The ions generated in the ion source 1 are temporarily blocked by the shutter gate 3. The shutter gate 3 is subsequently opened for a short period of time, whereupon the ions in a packet-like form are introduced into the drift region 5. Colliding with the counterflowing gas within the drift region 5, the introduced ions are driven forward by the electric field. Those ions are temporally separated according to their ion mobilities, which depend on the size, steric structure, electric charge and other properties of the individual ions. Accordingly, ions with different ion mobilities reach the detector 6 demonstrating certain intervals of time.
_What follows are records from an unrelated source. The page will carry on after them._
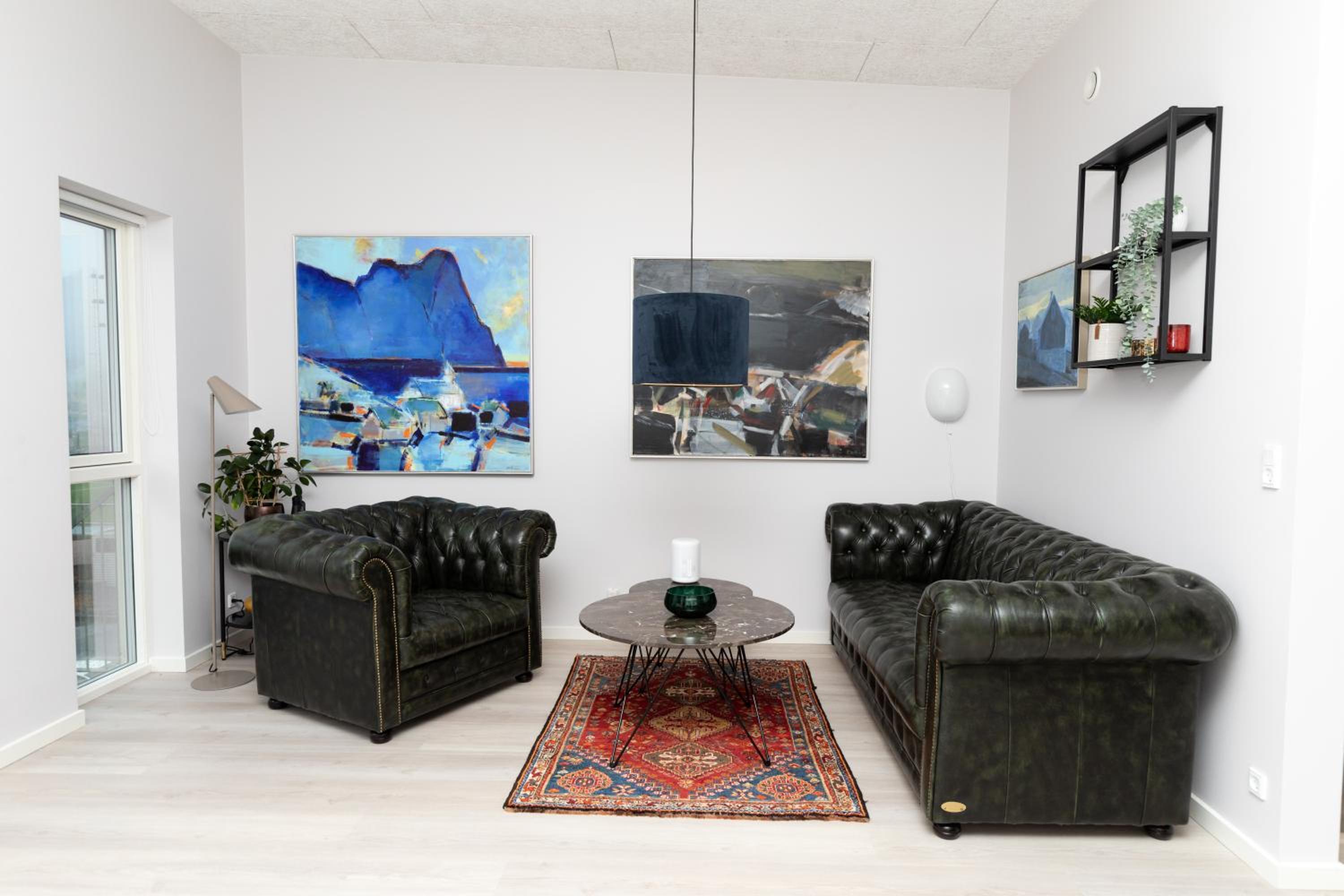 Charming Artistic Retreat - Panoramic View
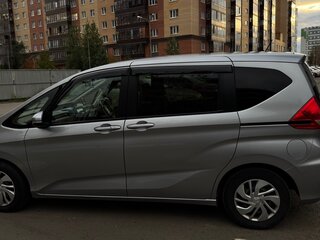 2020 Honda Freed II Рестайлинг, серый, 1840000 рублей, вид 5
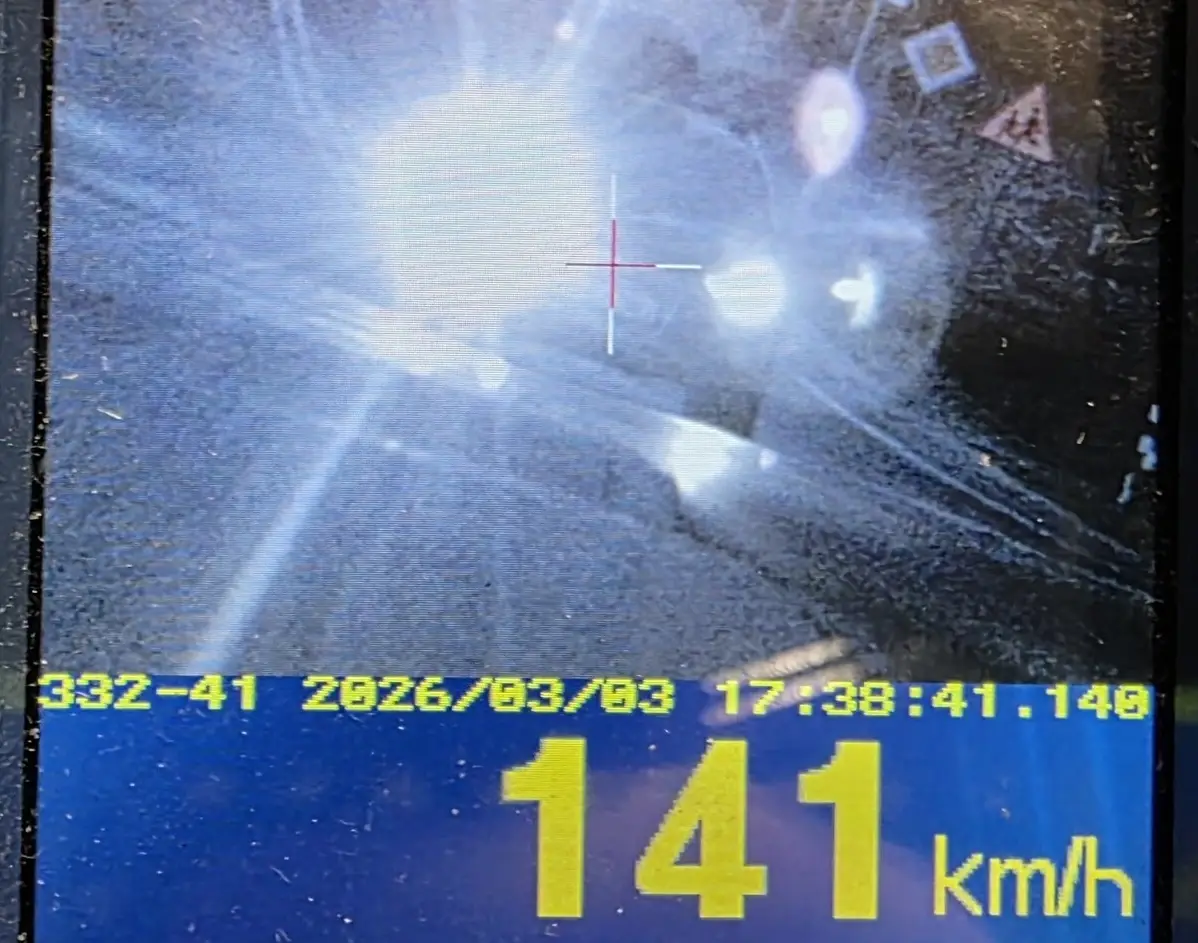 Szaleńcza jazda w Jabłonce. Jechał 141 km na godzinę, gdzie obowiązuje pięćdziesiąt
If the electric field within the drift region 5 is uniform, the collision cross-section between an ion and the counterflowing gas can be estimated from the drift time required for the ion to pass through the drift region 5.
The capability to separate a certain kind of ions originating from a sample molecule can be evaluated by the resolving power R calculated by the following formula (1):R=Td/ΔT  (1)where Td is the drift time required for the ion to travel in the drift region 5 and ΔT is the pulse width (temporal spread) of the ions at the time when the ions are detected in the detector 6.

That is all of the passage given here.